What is expected: Exactly and only the lines below from the one containing "NIB Reebok Kids'" down to the one containing "Мист для тела" are wanted, both included; please exclude every picture.
START Extracted entries
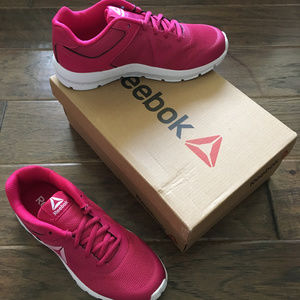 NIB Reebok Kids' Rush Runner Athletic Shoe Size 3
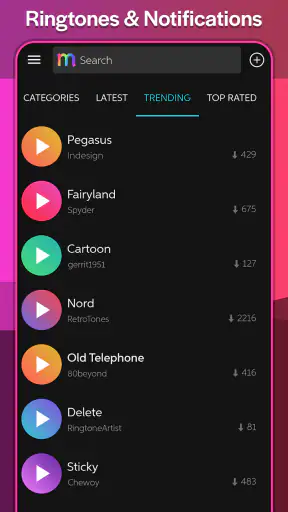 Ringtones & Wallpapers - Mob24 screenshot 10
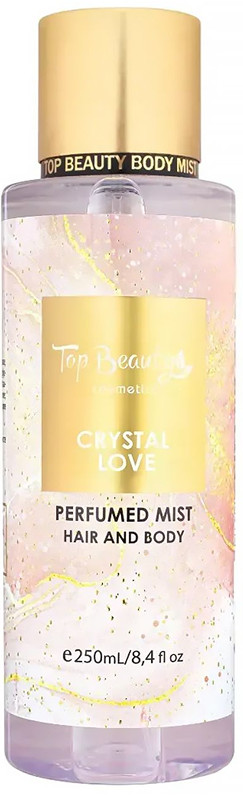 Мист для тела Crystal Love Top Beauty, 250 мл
END Extracted entries
START Extracted entries
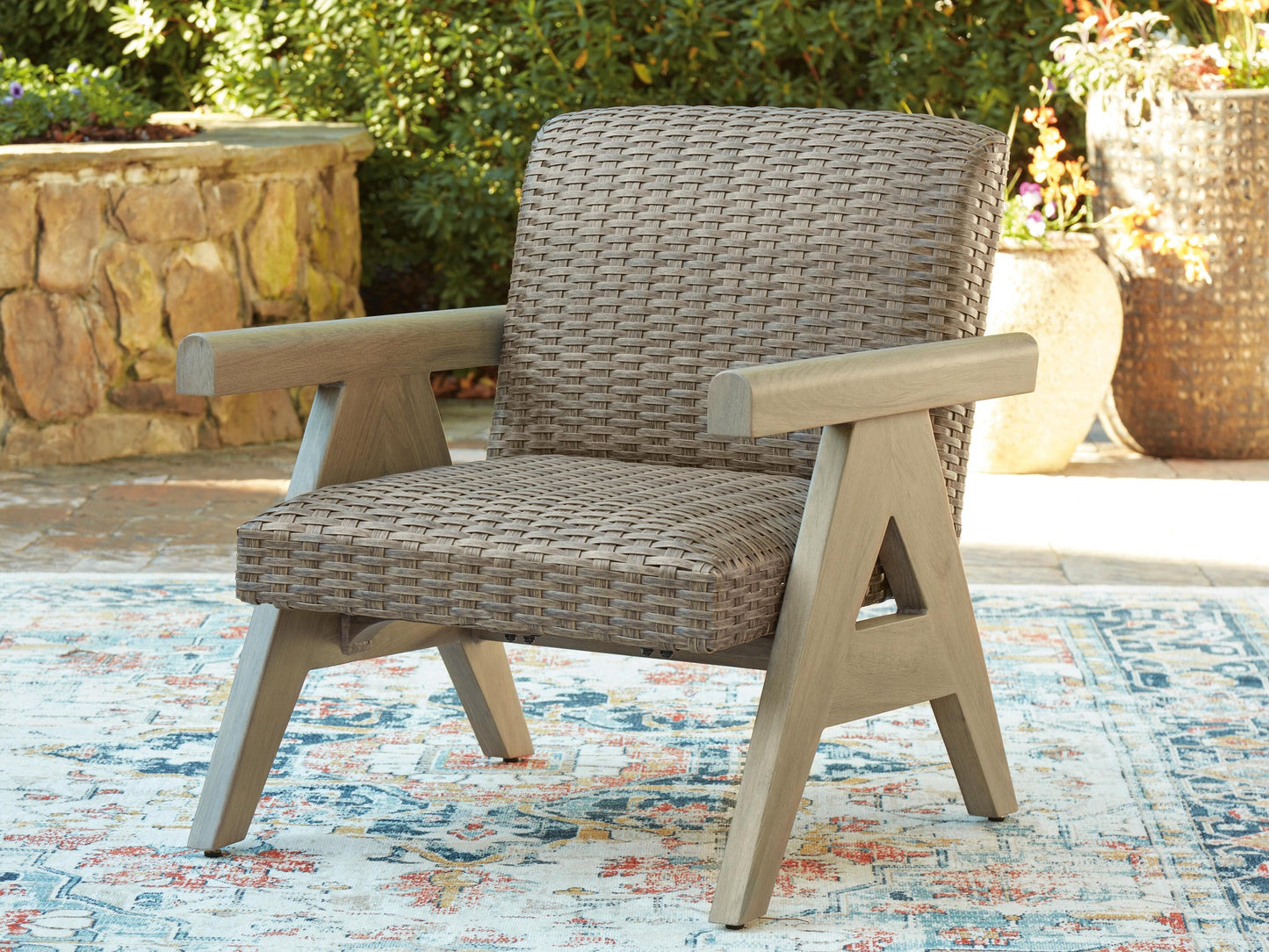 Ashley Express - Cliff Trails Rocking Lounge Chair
END Extracted entries
Exercise answer:
 NIB Reebok Kids' Rush Runner Athletic Shoe Size 3
 Ringtones & Wallpapers - Mob24 screenshot 10
 Мист для тела Crystal Love Top Beauty, 250 мл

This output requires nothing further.